On April 23, President Barack Obama commemorated with Elie Wiesel at the Capitol a historic event that shocked the world. In that occasion, the President said:
“It is the grimmest of ironies that one of the most savage, barbaric acts of evil in history began in one of the most modernized societies of its time, where so many markers of human progress became tools of human depravity: science that can heal, used to kill; education that can enlighten, used to rationalize away basic moral impulses; the bureaucracy that sustains modern life, used as the machinery of mass death, a ruthless, chillingly efficient system where many were responsible for the killing, but few got actual blood on their hands.”
I don’t know about you, but I thought at first that President Obama was talking about abortion; it made me think of what is happening in the US and in the world with this issue. Wow, Mr. President, I thought, what a great comeback! But what President Obama was really speaking about was the Holocaust that took place under the Nazi regime.
So what is his formal position on abortion?
President Barack Obama said the following about abortion at his White House press conference on April 30: “I think there are some who suggest that this is simply an issue about women’s freedom and that there’s no other consideration. I think, look, this is an issue that people have to wrestle with, and families and individual women have to wrestle with.”
“The reason I’m pro-choice is because I don’t think women take that position casually. I think that they struggle with these decisions each and every day, and I think they are in a better position to make these decisions ultimately than members of Congress or a President of the United States — in consultation with their families, with their doctors, with their clergy. So that’s been my consistent position”.

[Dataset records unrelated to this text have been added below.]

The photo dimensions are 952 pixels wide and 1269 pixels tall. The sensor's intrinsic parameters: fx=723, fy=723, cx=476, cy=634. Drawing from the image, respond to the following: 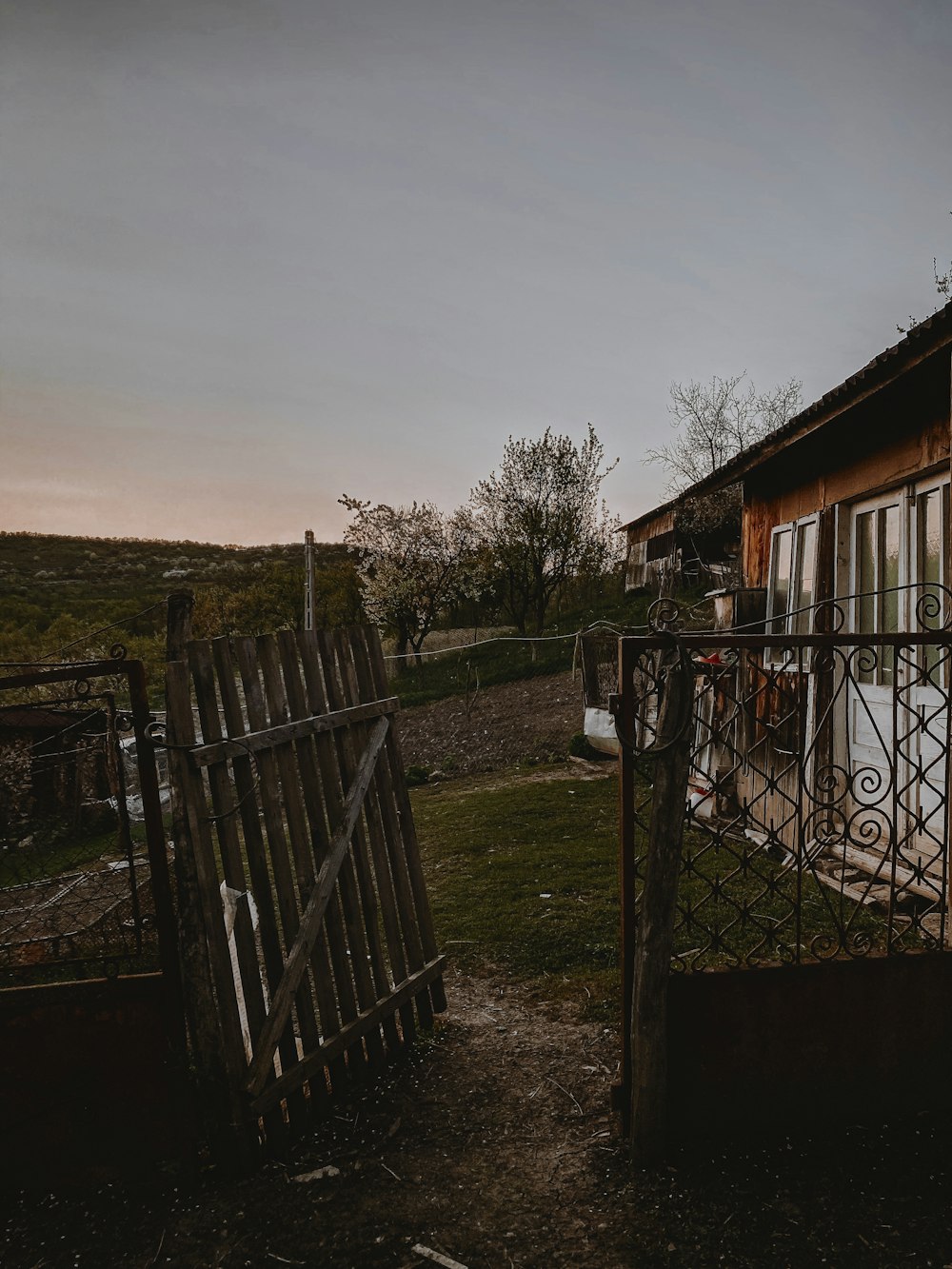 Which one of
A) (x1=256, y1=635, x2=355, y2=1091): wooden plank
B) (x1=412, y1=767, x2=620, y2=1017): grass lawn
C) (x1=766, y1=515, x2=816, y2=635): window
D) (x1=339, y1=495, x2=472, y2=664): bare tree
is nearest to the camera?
(x1=256, y1=635, x2=355, y2=1091): wooden plank

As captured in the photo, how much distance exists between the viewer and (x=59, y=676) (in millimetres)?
2502

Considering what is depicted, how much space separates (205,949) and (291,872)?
0.52m

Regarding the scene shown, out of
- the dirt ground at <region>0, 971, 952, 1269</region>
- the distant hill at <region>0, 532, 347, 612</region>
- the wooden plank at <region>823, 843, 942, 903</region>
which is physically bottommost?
the wooden plank at <region>823, 843, 942, 903</region>

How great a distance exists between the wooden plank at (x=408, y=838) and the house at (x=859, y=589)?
1618 mm

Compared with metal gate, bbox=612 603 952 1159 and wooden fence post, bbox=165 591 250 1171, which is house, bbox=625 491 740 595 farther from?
wooden fence post, bbox=165 591 250 1171

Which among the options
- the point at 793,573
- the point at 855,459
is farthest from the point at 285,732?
the point at 793,573

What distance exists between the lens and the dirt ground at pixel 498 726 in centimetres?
1370

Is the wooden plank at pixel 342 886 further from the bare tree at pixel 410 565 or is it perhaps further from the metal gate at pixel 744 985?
the bare tree at pixel 410 565

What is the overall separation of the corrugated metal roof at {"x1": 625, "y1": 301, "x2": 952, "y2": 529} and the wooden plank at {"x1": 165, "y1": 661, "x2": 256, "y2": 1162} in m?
4.18

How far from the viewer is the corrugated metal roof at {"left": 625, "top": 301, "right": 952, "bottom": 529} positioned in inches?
157

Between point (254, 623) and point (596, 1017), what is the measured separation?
98.4 ft

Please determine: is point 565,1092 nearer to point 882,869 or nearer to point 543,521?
point 882,869

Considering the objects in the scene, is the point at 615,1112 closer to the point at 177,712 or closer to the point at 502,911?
the point at 177,712

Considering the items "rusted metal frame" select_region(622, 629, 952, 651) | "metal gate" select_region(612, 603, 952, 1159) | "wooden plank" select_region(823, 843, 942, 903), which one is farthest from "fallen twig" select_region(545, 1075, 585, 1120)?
"wooden plank" select_region(823, 843, 942, 903) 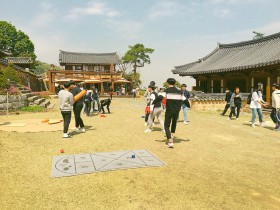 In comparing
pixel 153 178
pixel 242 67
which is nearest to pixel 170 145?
pixel 153 178

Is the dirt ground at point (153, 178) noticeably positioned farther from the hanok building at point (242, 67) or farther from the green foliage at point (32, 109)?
the hanok building at point (242, 67)

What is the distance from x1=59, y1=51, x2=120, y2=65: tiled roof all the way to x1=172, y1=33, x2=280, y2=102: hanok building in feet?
82.6

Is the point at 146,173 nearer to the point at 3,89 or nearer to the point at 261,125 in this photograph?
the point at 261,125

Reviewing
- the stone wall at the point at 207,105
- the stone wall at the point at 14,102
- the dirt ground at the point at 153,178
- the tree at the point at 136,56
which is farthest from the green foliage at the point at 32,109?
the tree at the point at 136,56

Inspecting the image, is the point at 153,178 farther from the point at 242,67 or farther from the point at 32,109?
the point at 242,67

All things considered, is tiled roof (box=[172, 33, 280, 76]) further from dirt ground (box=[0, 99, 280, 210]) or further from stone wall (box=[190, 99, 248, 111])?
dirt ground (box=[0, 99, 280, 210])

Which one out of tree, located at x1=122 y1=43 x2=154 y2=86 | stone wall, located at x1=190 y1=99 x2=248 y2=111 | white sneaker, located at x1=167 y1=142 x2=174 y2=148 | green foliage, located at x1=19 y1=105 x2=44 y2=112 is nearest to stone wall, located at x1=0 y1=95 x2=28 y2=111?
green foliage, located at x1=19 y1=105 x2=44 y2=112

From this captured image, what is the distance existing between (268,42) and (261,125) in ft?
47.2

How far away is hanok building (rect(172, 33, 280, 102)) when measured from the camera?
16547 millimetres

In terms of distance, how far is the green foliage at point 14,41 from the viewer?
53000mm

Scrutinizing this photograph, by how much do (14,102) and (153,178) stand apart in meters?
13.3

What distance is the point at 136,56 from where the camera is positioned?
158ft

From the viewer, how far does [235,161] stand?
17.6 feet

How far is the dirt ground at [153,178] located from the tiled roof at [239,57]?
11.1m
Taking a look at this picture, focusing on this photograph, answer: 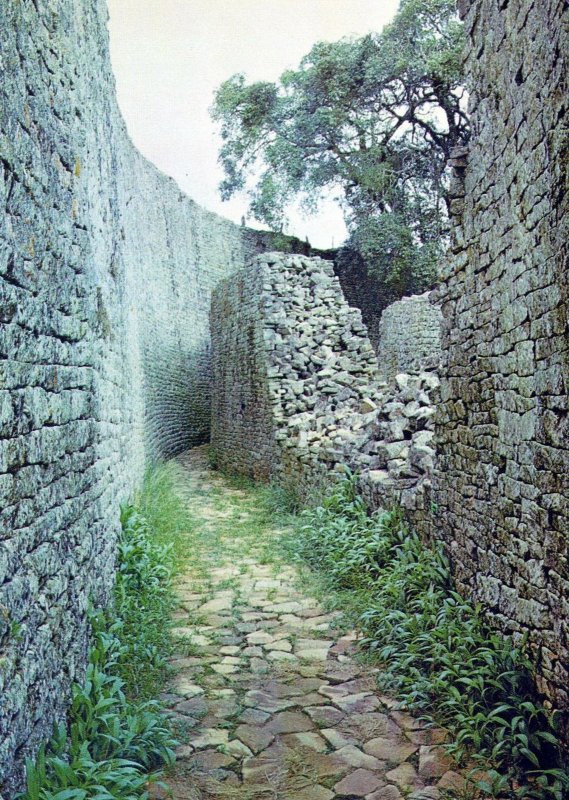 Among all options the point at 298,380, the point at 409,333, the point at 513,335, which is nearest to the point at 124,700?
the point at 513,335

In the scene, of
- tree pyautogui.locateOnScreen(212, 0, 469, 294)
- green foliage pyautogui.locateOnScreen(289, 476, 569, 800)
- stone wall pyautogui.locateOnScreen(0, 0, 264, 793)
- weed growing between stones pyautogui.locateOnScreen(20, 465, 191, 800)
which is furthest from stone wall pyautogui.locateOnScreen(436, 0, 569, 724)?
tree pyautogui.locateOnScreen(212, 0, 469, 294)

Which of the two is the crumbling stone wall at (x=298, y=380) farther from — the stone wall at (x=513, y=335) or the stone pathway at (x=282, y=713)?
the stone wall at (x=513, y=335)

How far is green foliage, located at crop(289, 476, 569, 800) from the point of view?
2803 millimetres

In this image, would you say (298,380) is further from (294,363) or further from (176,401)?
(176,401)

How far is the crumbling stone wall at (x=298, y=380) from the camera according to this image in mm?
7809

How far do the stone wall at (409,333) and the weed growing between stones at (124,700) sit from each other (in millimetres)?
8695

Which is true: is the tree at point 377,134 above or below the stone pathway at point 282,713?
above

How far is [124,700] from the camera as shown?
3.14 meters

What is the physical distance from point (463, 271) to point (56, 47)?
2688mm

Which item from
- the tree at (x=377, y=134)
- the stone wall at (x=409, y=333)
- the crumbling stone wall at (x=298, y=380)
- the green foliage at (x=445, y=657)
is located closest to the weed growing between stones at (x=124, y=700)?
the green foliage at (x=445, y=657)

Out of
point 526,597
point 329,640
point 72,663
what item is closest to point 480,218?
point 526,597

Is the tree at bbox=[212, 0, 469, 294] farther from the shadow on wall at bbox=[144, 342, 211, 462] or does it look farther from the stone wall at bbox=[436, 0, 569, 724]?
the stone wall at bbox=[436, 0, 569, 724]

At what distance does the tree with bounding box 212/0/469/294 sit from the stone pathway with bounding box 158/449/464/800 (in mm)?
15240

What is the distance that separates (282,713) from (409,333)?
10859mm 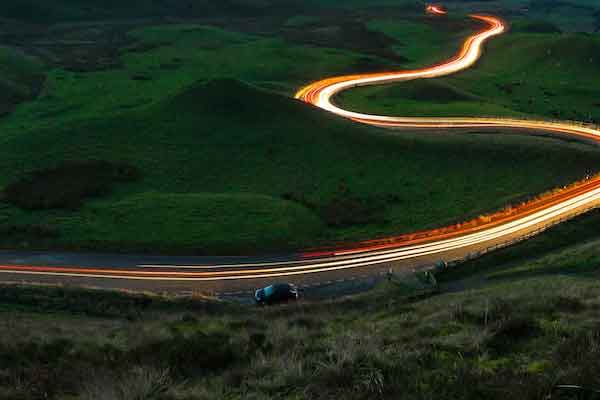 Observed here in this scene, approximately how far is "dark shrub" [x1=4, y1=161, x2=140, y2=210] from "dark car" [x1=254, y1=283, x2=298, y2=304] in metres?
26.5

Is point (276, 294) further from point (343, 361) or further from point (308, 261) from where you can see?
point (343, 361)

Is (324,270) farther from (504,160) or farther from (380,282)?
(504,160)

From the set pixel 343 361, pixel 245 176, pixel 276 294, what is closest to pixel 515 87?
pixel 245 176

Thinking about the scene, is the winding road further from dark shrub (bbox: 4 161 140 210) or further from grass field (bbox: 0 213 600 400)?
grass field (bbox: 0 213 600 400)

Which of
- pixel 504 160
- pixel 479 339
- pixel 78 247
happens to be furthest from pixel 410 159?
pixel 479 339

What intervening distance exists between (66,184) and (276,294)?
108ft

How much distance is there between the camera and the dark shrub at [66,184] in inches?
2085

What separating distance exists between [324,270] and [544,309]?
1082 inches

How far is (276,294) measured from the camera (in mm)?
35312

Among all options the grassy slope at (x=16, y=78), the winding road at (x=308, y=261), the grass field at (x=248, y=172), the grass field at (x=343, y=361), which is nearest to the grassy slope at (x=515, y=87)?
the grass field at (x=248, y=172)

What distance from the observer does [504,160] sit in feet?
203

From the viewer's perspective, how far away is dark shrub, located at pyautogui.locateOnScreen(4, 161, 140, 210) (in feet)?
174

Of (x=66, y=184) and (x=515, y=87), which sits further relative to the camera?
(x=515, y=87)

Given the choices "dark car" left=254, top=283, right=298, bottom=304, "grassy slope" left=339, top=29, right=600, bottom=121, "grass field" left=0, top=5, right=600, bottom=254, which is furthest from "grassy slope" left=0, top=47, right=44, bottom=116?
"dark car" left=254, top=283, right=298, bottom=304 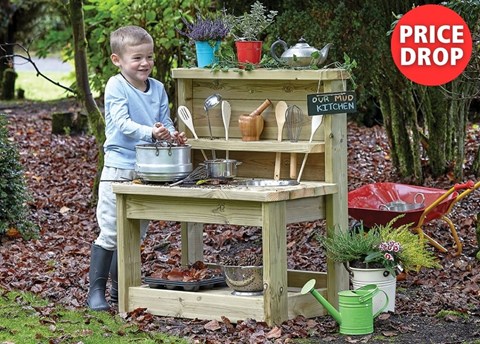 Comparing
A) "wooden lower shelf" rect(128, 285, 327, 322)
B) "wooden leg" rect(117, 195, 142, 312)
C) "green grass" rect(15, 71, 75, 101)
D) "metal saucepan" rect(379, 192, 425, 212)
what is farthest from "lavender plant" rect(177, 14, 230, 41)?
"green grass" rect(15, 71, 75, 101)

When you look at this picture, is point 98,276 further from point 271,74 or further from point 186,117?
point 271,74

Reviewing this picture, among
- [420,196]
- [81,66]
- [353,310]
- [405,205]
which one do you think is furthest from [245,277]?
[81,66]

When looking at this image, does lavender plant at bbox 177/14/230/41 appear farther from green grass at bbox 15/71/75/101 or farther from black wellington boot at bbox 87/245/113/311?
green grass at bbox 15/71/75/101

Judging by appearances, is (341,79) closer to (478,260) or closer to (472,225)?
(478,260)

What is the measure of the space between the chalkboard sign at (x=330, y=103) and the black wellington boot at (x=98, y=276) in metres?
1.53

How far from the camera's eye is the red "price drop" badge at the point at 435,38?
798cm

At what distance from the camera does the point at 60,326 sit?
5.83 m

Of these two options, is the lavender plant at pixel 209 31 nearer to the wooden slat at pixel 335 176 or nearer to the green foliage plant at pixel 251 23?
the green foliage plant at pixel 251 23

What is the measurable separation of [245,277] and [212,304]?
0.79 feet

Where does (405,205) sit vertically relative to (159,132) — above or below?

Going deeper, what Obama really means is that he agrees that every single man and woman should make his or her own decisions, that every person is creator of his or her own hierarchy of values; that there’s no objective moral law outside of the inner realm of the person. That’s called subjectivism. But at the same time we could say that it’s also relativism, if relativism signifies contempt for fixed categories and denial of an objective, immortal truth.
The Holocaust really was the result of moral relativism. Let’s hear what Mussolini says about it in his Diuturna: “There is nothing more relativistic than fascistic attitudes and activity...From the fact that all ideologies are of equal value, that all ideologies are mere fictions, the modern relativist infers that everybody has the right to create for himself his own ideology and to attempt to enforce it with all the energy of which he is capable.”
One could reply that America is neither Fascist, nor Nazi; and it’s true, but America is buying into the philosophies that led Nazism to place innocent people into a gas chamber. Let’s formulate it in another way: what is the similarity between a human being in a Nazi gas chamber and another human being about to be aborted in its mother’s womb? I would say this: in both cases, their life depends on another’s subjectivism.
This way of thinking has developed over centuries and has given a certain form to the modern West. It comes from an apostate Christendom: that is, Europe and its intellectual colonies. But in the end it’s really a religious issue rather than a social one. The modern West is conceived of as a democratic, secular, pluralistic, scientific, technological, industrial, post-Enlightenment civilization. And one thing that the modern West denies is the teachings of religion, and especially Christianity. These teachings are seen as an external law, and as an eternal law. And that’s the reason they are moral absolutes. Let me quote Peter Kreeft about the “teachings that say, that in order to be saved, and to go to heaven, you need to repent. But you can’t repent if you don’t believe in sin to repent of, and you can’t believe in sin if you don’t believe in a real moral law, because sin means disobeying that. Moral relativism eliminates that law, thus sin, thus repentance, thus salvation”
Then at Notre Dame, on May 17, President Obama spoke of respecting the consciences of those Americans who are morally opposed to the “tragedy of abortion”. If for President Obama this is a tragedy, how could he support it? I guess he sees it as a tragedy of other people, and not as a personal one. But I would say that the tragedy lies in supporting the relativist philosophy: it is a tragedy not only for America, but for the entire world.
Brother Alejandro Herrera, of the Legionaries of Christ, studies for the priesthood in Rome.